Rudyard Kipling suffered the indignation of a rejection slip from an editor at the San Francisco Examiner, who said, “I’m sorry, Mr. Kipling, but you just don’t know how to use the English language.”

And an editor sending a rejection letter for The Diary of Anne Frank wrote: “The girl doesn’t, it seems to me, have a special perception or feeling which would lift that book above the curiosity level?”

Beatrix Potter: Rejected

He should have been fired. He wasn’t. He said, “No.”

Louis L’Amour collected more than 300 rejections before he sold his first Western. He went on to publish more than a hundred novels once he finally broke past the gatekeeper.

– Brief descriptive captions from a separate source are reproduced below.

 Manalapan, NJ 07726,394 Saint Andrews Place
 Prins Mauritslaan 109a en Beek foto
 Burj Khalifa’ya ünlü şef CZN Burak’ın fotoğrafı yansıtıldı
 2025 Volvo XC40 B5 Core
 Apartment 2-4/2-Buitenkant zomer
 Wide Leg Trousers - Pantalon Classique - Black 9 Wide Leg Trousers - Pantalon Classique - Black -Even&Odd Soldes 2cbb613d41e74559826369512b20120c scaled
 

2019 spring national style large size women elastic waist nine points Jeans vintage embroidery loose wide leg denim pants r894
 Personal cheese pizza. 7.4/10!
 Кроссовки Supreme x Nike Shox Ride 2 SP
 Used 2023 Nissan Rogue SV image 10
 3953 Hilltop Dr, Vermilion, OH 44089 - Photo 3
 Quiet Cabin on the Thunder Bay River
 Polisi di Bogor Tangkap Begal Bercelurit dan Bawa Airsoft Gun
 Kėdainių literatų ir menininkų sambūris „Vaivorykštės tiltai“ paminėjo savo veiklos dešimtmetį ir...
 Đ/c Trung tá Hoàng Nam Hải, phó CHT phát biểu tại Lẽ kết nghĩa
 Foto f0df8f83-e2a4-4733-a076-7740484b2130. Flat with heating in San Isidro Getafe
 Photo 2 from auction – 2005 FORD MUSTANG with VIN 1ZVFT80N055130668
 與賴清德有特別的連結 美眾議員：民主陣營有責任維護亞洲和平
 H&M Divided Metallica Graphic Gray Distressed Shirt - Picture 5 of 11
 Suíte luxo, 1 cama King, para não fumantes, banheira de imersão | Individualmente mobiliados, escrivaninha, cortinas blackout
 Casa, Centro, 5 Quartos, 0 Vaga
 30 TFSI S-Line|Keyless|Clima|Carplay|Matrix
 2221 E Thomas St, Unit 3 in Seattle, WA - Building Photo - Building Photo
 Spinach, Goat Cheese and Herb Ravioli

Ray Bradbury had more than 800 rejections before he was finally published, and he would ultimately see his name attached to a hundred science fiction books and stories. I always thought he wrote Fahrenheit 451 with the thought of burning his rejection slips.

It’s important to keep the faith, keep writing, keep banging on the door, and trying to find some way to storm the inner sanctum of a publishing world that is as lost and confused as today’s authors.

In the free-wheeling, double-dealing, catch-as-catch-can, illusionary gonzo business of publishing, it is probably wiser these days to pay attention to the dedication and ingenuity of Beatrix Potter. She wrote a little book entitled The Tale of Peter Rabbit. No one wanted it. Her manuscript was so universally rejected by so many within the harrowing and hallowed walls of publishing that she made the painful decision to produce the book herself. She self-published it.

The agents say you can’t do that. The publishers say you can’t do that. The idea wasn’t popular or accepted in her time either. It didn’t matter. She did that.

And The Tale of Peter Rabbit has become one of the best loved books of all time, selling, at last count, more than fifty million copies.

If you receive a Dear John letter from an agent or publisher, simply mark on the envelope, “Wrong address. John doesn’t live here anymore,” and let the post office send it back to whomever in New York didn’t have the nerve or creativity to say Yes.